Bardzo długi (205 km), odbywający się w zimnie i deszczu etap z metą na osławionym Zoncolan długo stał pod znakiem akcji kilkunastoosobowej grupki, która uzyskała ponad sześć minut przewagi nad peletonem. Faworyci rezerwowali siły na najtrudniejsze, ostatnie kilometry i główna grupa wolno odrabiała straty do czołówki. Kiedy u stóp finałowego podjazdu uciekinierzy mieli jeszcze pięć minut przewagi, realne stało się zwycięstwo jednego z nich.

Pierwszy zaatakował Tratnik, który przez kilka kilometrów jechał z przewagą kilkunastu sekund. Słoweńca dogonił jednak Fortunato, który na ostatnich, najtrudniejszych kilometrach (blisko 20-procentowe nachylenie!) odjechał samotnie, zapewniając sobie największy sukces w karierze.
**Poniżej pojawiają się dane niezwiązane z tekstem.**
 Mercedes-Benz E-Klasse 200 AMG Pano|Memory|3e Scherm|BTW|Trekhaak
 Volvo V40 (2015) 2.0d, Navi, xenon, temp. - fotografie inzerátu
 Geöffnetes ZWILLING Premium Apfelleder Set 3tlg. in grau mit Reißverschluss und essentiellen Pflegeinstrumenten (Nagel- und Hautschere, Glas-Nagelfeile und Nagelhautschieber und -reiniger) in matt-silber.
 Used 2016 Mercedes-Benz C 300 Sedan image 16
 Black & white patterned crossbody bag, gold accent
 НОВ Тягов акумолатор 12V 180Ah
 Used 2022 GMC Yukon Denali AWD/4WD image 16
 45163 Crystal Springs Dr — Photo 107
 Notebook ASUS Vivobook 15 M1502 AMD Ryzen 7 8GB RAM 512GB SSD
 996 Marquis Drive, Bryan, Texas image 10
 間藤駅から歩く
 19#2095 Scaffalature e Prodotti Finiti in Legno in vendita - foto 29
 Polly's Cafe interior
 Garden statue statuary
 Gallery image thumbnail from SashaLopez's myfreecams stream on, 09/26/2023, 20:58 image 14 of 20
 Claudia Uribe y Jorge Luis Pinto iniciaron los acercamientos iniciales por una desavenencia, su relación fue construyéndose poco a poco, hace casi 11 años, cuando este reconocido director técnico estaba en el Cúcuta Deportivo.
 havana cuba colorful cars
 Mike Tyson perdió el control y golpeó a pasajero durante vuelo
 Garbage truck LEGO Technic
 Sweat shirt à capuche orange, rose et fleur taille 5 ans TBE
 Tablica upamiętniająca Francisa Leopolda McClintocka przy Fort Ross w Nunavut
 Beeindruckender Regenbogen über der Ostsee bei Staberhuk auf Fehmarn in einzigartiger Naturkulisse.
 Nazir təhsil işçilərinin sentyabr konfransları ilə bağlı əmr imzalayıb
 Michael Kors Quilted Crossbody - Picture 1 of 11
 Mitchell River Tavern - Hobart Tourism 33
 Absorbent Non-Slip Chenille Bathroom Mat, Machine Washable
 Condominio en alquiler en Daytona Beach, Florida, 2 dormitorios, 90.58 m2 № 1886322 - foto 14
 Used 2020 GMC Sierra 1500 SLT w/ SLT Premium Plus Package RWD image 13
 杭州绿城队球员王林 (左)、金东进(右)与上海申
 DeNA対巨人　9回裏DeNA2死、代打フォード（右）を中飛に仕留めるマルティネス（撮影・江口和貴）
Z grupy pościgowej zaatakował Yates, a jadący w różowej koszulce lidera Bernal nie tylko jako jedyny dotrzymał mu kroku, ale na finałowym kilometrze "poprawił", zostawiając rywala za plecami.

Po sobotnim etapie Kolumbijczyk ma ponad półtorej minuty przewagi nad Yatesem i 1.51 nad Włochem Damiano Caruso (Bahrain Victorius). Na czwarte miejsce spadł dotychczasowy wicelider - Rosjanin Aleksandr Własow (Astana-Premier Tech).

W niedzielę kolarze rywalizować będą na 15. etapie, z Grado do Gorizii (145 km), którego trasa prowadzi częściowo po terytorium Słowenii.